Beginning with the line that holds "This is a Nike", copy every remaining line of the listing below exactly, and leave the pictures out.

Recorded data.
──────

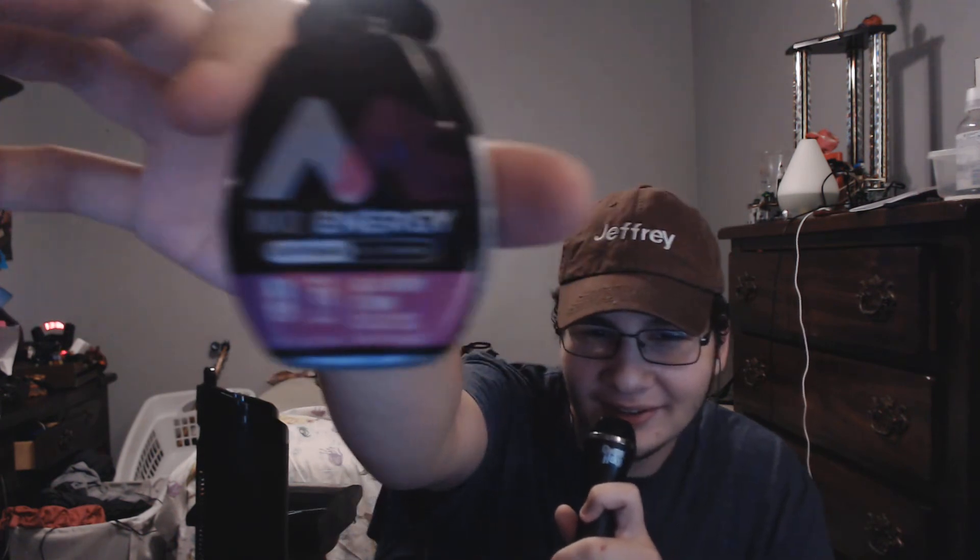18 servings and 0 calories — this is good for you if you're on a diet. 0% juice, in case you don't like juice. One squeeze fills an 8 fluid ounce serving of water. Okay, let's try it out.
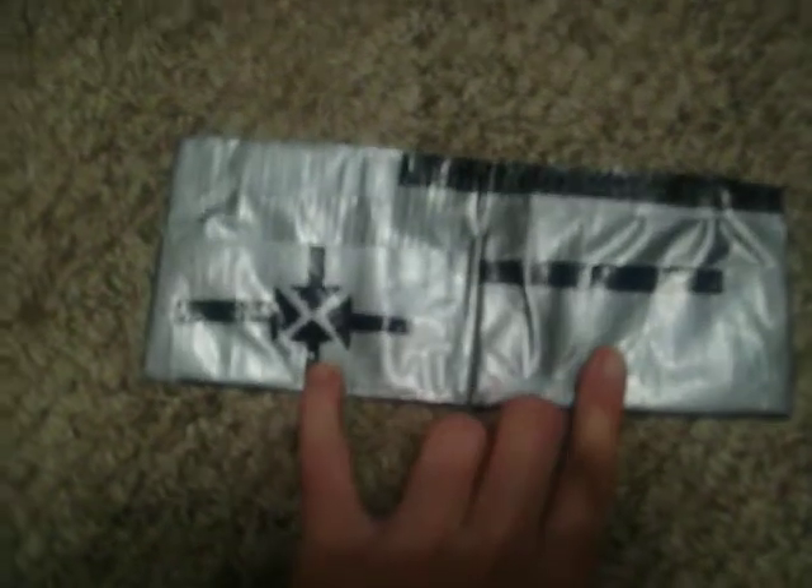This is a Nike wallet — the first wallet I did with a coin pouch on it. On the back of it, you just put your coins down in there. Flip it over; this is before I learned how to do all the designs and stuff, so I just did arrows. I might go back and fix it. I got two pockets — one there and one there.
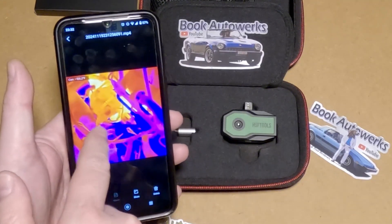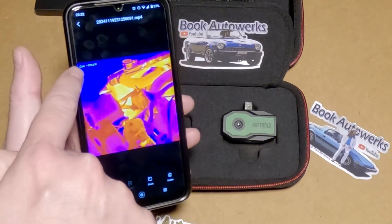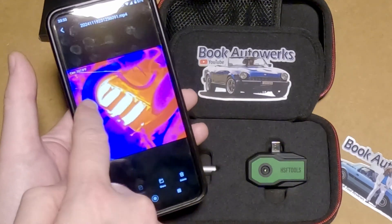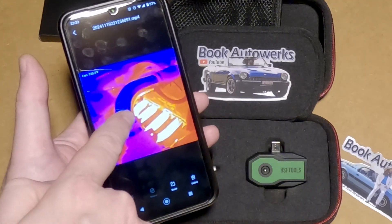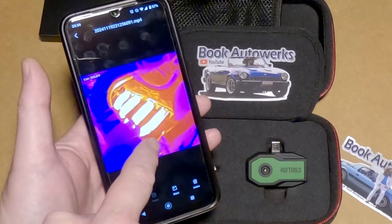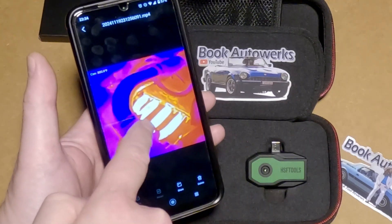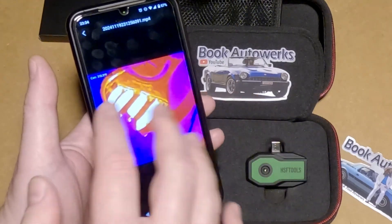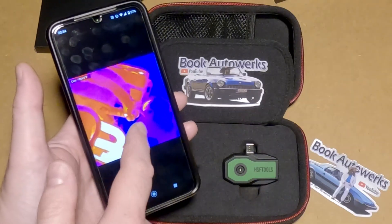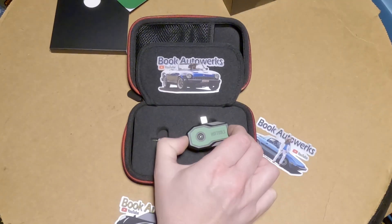I turned the center metering spot on and took a look at my '81 Fiat Spyder. The Spyder has a misfire, and with the metering spot I was able to look at each individual runner on the headers — each one is around 640 to 680 degrees. But cylinder number three is over 788 degrees. All the other cylinders are pretty consistent around 650. I saw that basically instantly using this thing. I'm also taking a look at the radiator hoses. This thing is a nifty little tool.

──────

Result for this task.
This is a Nike wallet — the first wallet I did with a coin pouch on it. On the back of it, you just put your coins down in there. Flip it over; this is before I learned how to do all the designs and stuff, so I just did arrows. I might go back and fix it. I got two pockets — one there and one there.
I turned the center metering spot on and took a look at my '81 Fiat Spyder. The Spyder has a misfire, and with the metering spot I was able to look at each individual runner on the headers — each one is around 640 to 680 degrees. But cylinder number three is over 788 degrees. All the other cylinders are pretty consistent around 650. I saw that basically instantly using this thing. I'm also taking a look at the radiator hoses. This thing is a nifty little tool.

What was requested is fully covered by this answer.